Noch sind die Details der Vereinbarung mit dem vielversprechenden Namen "Weg zum Frieden" gar nicht in Gänze bekannt, sagt Bernd Musch-Borowska, ARD-Korrespondent für die Region. Drei Punkte stehen aber wohl fest:

  • Die USA verpflichten sich, den Abzug ihrer Truppen aus Afghanistan einzuleiten.*
  • Die Taliban verpflichten sich, zukünftig in Afghanistan keinen Unterschlupf für Terrorgruppen mehr zu bieten.
  • In einem inner-afghanischen Dialog sollen unter Beteiligung der Taliban und der afghanischen Regierung Gespräche über die Zukunft des Landes stattfinden.
"Wie die Taliban das schaffen sollen, diese Verpflichtung zu erfüllen, ist nicht ganz klar. Denn sie haben gar keinen Einfluss auf all diese vielen Gruppen, die dort in Afghanistan sind. Über 20 sollen es sein."
Bernd Musch-Borowska, ARD-Korrespondent für Afghanistan

Bei diesen Punkten sieht Bernd Musch-Borowska allerdings Tücken. Zum Beispiel gibt er zu bedenken, dass die Taliban kaum genug Einfluss auf die wohl mehr als 20 Terrorgruppen im Land hätten. Unklar sei zudem, wer mit wem in den bald geplanten Dialog trete.
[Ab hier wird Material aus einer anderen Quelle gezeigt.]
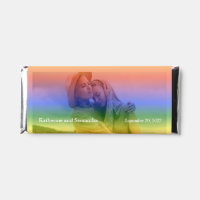 Wedding Photo Rainbow Overlay Modern Gay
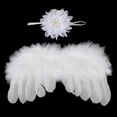 thumbnail image 4 of Outfmvch Shawl Wraps,Fairy Wings Newborn Photography Basket Accessory Wing 06 Costume Props Angel Photo Accessory Party Wings Angel Wings White One Size, 4 of 4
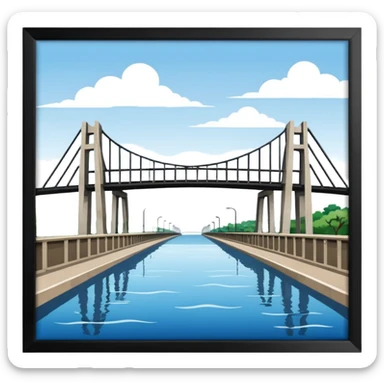 bridge maracaibo venezuela sticker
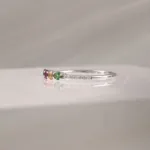 14K WHITE GOLD MULTI-COLOR W/D – 284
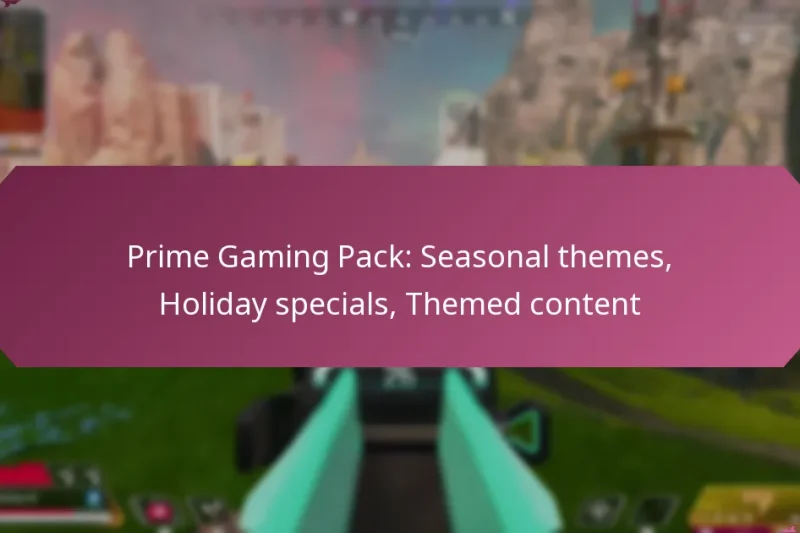 Prime Gaming Pack: Seasonal themes, Holiday specials, Themed content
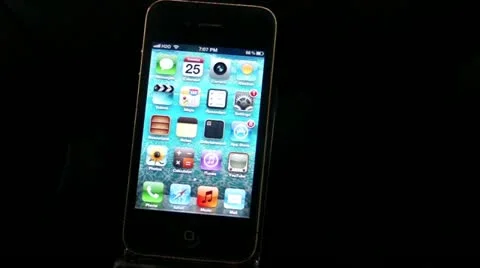 IPhone 4 in Action Stock Footage 12147885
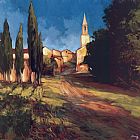 Philip Craig Canvas Paintings - Pathway to the Villa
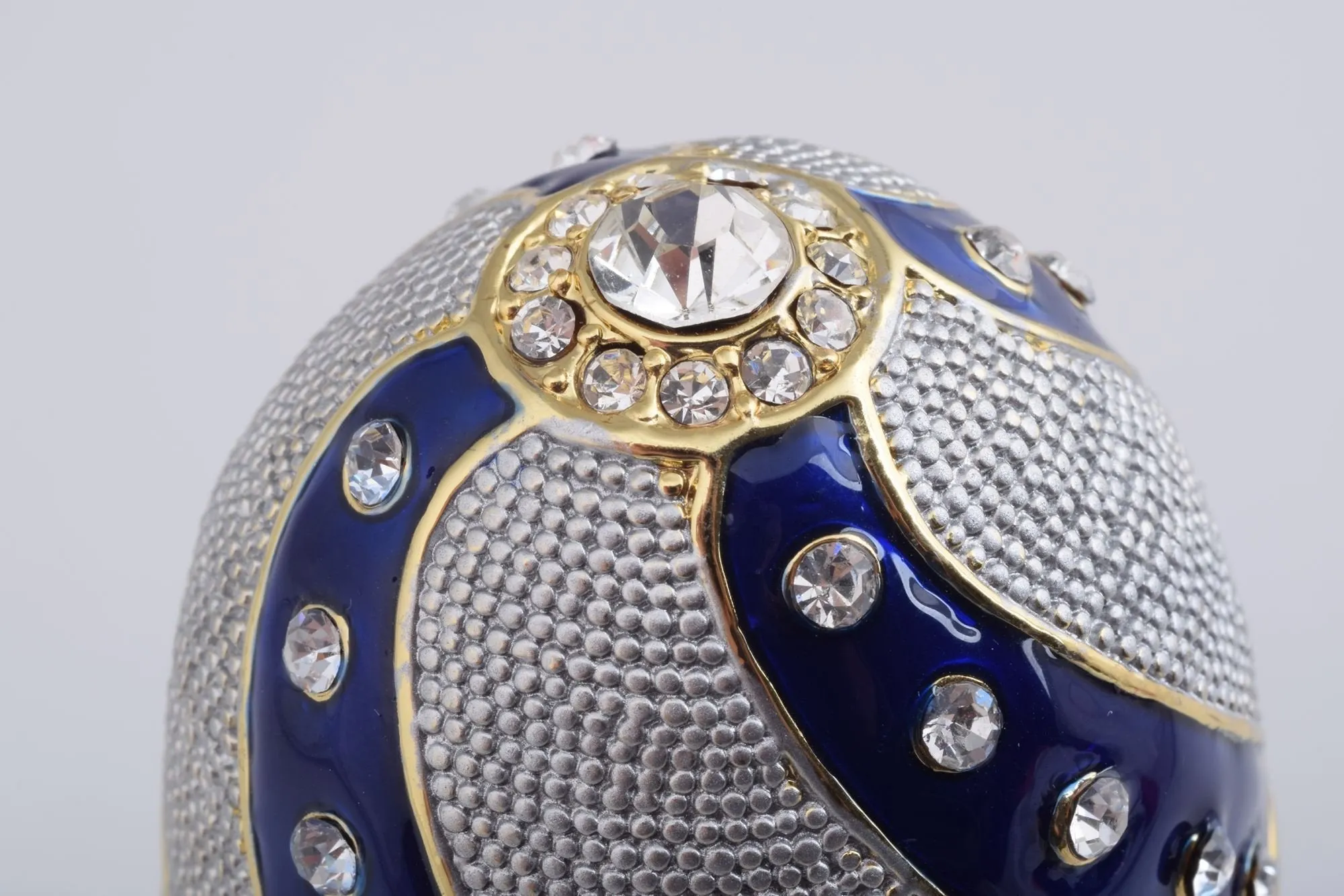 Blue & White Faberge Egg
Denn die afghanische Regierung ist hoffnungslos zerstritten, so der Korrespondent.

Woche der Gewaltfreiheit hat funktioniert

Nichtsdestotrotz sieht Bernd Musch-Borowska Hoffnung für einen afghanischen Frieden. Auch die vergangenen Tage haben gezeigt, dass das möglich sein könnte: Im Vorfeld des Treffens heute hatten beide Seiten beschlossen, dass es sieben Tage lang keine Gewalt geben soll im Land. Und das hat tatsächlich weitgehend funktioniert, berichtet unser Korrespondent.
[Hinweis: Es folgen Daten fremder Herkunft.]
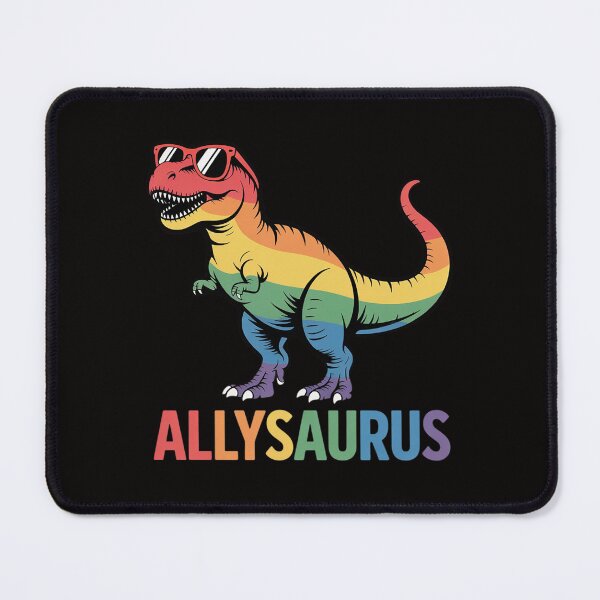 Item preview, Gay Pride Month Allysaurus Dino Trex LGBTQ Ally Boys Kids designed and sold by DarioRosales.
"Das hat geklappt. Und die Menschen gerade in den Gebieten, in denen es immer am schlimmsten war, die haben auch schon in den vergangenen Tagen gefeiert und gejubelt, es gab Freudentänze."
Bernd Musch-Borowska, ARD-Korrespondent für Afghanistan

Wenn der Vertrag geschlossen, und die Phase der reduzierten Gewalt verlängert werden kann, dann wäre das schon ein großer Erfolg, so Bernd Musch-Borowska. Und wenn es gar eine Einigung auf einen Waffenstillstand gäbe, wäre für viele Menschen sehr viel gewonnen.

* Zum Zeitpunkt des Gesprächs (29.02.2020, 12:40 Uhr) waren dazu noch keine Details bekannt. Kurze Zeit später meldeten die Nachrichten-Agenturen, dass die USA und die afghanische Regierung in einem gemeinsamen Statement bekannt gegeben hätten, dass der Abzug 14 Monate dauern soll, wenn die Taliban ihre Zusagen einhalten.